A goal without a plan for achieving it is like a New Year’s Day declaration to lose weight. Unless you pick a realistic number of pounds to lose by a certain date, schedule a series of weigh-ins along the way, and prioritize changes to your diet and exercise regime, your pants size is going to stay the same. Learn how to turn 5 common goal setting “don’ts” into “dos” that benefit your bottom line and make growth a reality.

Effective goal setting is the key to entrepreneurial success. The good news is you don’t have to read an entire book or take an online course to get it right. Learn from the mistakes of others by simply avoiding these 5 pitfalls:

 

1. Lack of specificity

In other words, Keep It Specific, Stupid (the Anequim version of K.I.S.S.). Take the time to flush your goals out. What are the deliverables? What are the milestones? What does winning look like? Take a look at the two examples below. Which one has the better chance for success?

  • Create a learning platform
  • Create a training program with 8 videos and tests for onboarding a new employee

 

2. Lack of accountability

Meetings are great only if they are effective, so assign a note taker, and then distribute the notes to all who attended the meeting (and others in your company who need that information). Who is responsible for what? What are the timelines? What is the process for reporting and correcting issues that pop up?

 

3. Lack of completion

Take the time to set meaningful goals each quarter, then DON’T CHANGE THEM MID-QUARTER. Your team needs clear direction. If you change it every few weeks, they’ll simply stop trying to chase a moving target. There’s nothing worse than working your tail off on a task and then not being allowed to take it to a successful conclusion. Beware of Shiny Object Syndrome – it’s a motivation killer that will drive your team bonkers. The graveyard of half-executed ideas is a business expense you can’t afford.

 

4. Lack of prioritization

If you don’t take the time to prioritize your goals on the front end, the road ahead will be filled with potholes. Be realistic about what you can accomplish in a quarter. What is urgent? What is essential? What can wait until the next quarter? For example, it’s awesome to come back from a conference with 10 new ideas. But before you head off in 10 different directions, think about which ideas relate to your vision. Which will generate the most income or help you grow the most?

 

5. Lack of realism

Set goals that are achievable, not aspirational, then lead by example. Show your team how to set and achieve goals so they can model your behavior. Make sure your project lead has what it takes to succeed. If a project turns out to be too difficult for the lead you’ve chosen, move it to someone else after 90 days. Being realistic about the hows (how long, how much time, how many resources) and your team’s abilities on the front end will increase the likelihood of goal/project completion.

Aspirational Goal:

  • I am going to be the king of sales.

Achievable Goal:

  • I am going to set a new record for closed deals in my region in 2022.

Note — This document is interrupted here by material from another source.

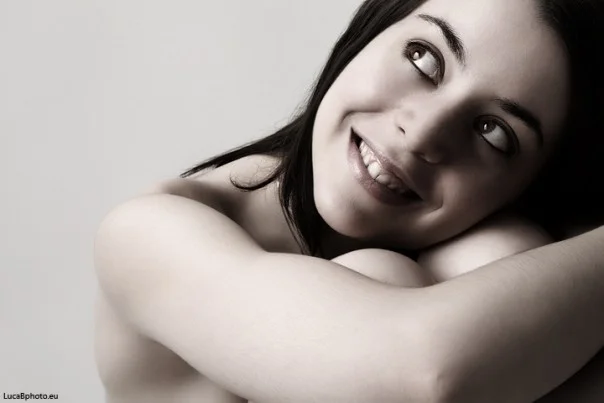 VALENTINA D. - Hostess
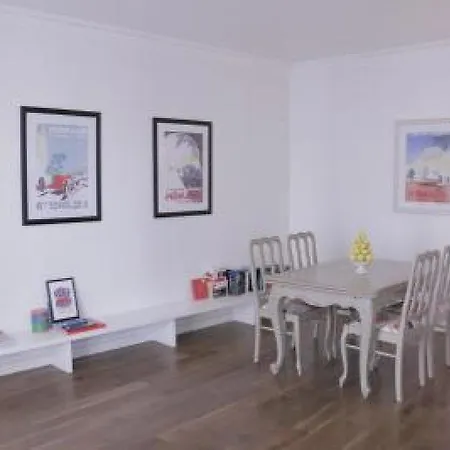 Apartamento Lovely Light 2 Bedroomed In Is An Easy To The Palais And The Beaches Of 1895 Cannes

It’s the exact opposite of the “do as I say, not as I do” advice your mom gave you.

 

Want to continue the discussion? Check out this episode of Bootstrappers or this episode.

 

 

Gwenn’s Short Take

When you’re finished with a project, take the time to review what went well and what didn’t with your team. It’s an opportunity for you to provide professional coaching in a non-threatening environment…the ideal way for them to learn. This reflection time will allow your team to increase its business acumen and be better equipped to carry out your next project.